**TASK BRIEF:**
Reproduce exactly the entries from the "TMKB T61SE Gaming" line to the end. Skip all pictures.
#### TASK MATERIAL ####
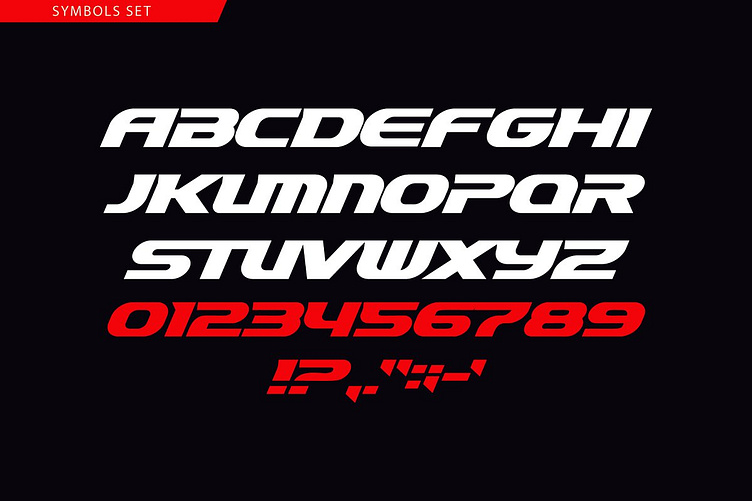 Racing alphabet. Speed sport font, automotive type for modern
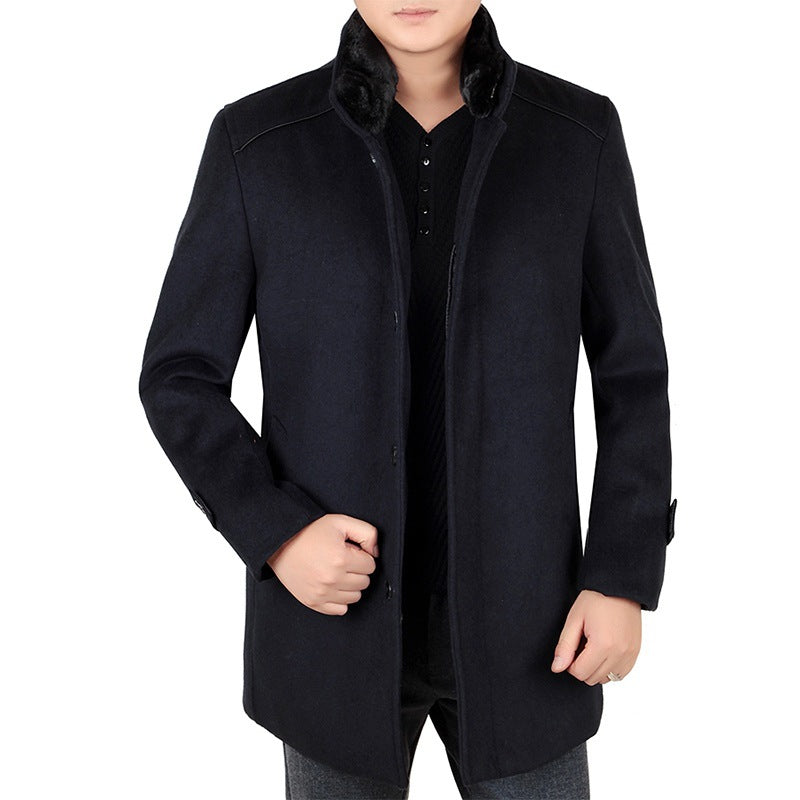 Herren Eleganter Wollmix-Kurzmantel mit hochschließendem Pelzkragen und verdeckter Knopfleiste Shop Nory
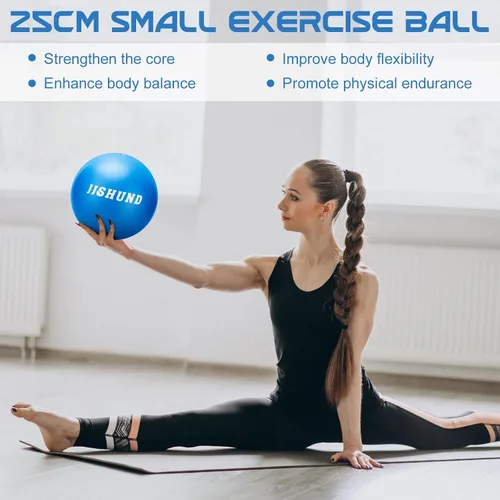 Vista 3 de jjshund Pelota de pilates, pequeña pelota de yoga de ejercicio de 9,8 pulgadas con guía de ejercicios, para gimnasio en casa, yoga, pilates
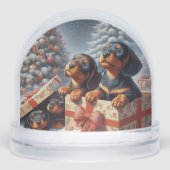 Dachshund Puppies Personalized Snow Globe Schneekugeln (Vorderseite)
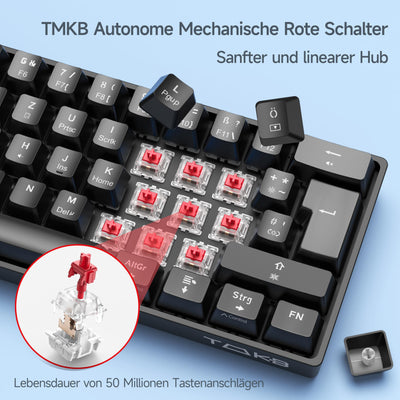 TMKB T61SE Gaming Mechanische Tastatur mit Deutsches QWERTZ Layout,Rote Schalter,Schwarz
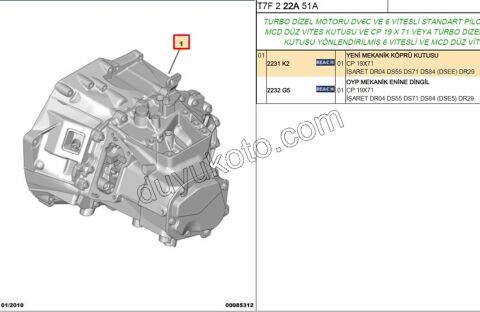 SANZIMAN KOMPLE 1.6HDİ Euro5 6 Vites MCP CP 19X71 DR04 DS55 DS71 DS84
####
**RESPONSE TO THIS TASK:**
 TMKB T61SE Gaming Mechanische Tastatur mit Deutsches QWERTZ Layout,Rote Schalter,Schwarz
 SANZIMAN KOMPLE 1.6HDİ Euro5 6 Vites MCP CP 19X71 DR04 DS55 DS71 DS84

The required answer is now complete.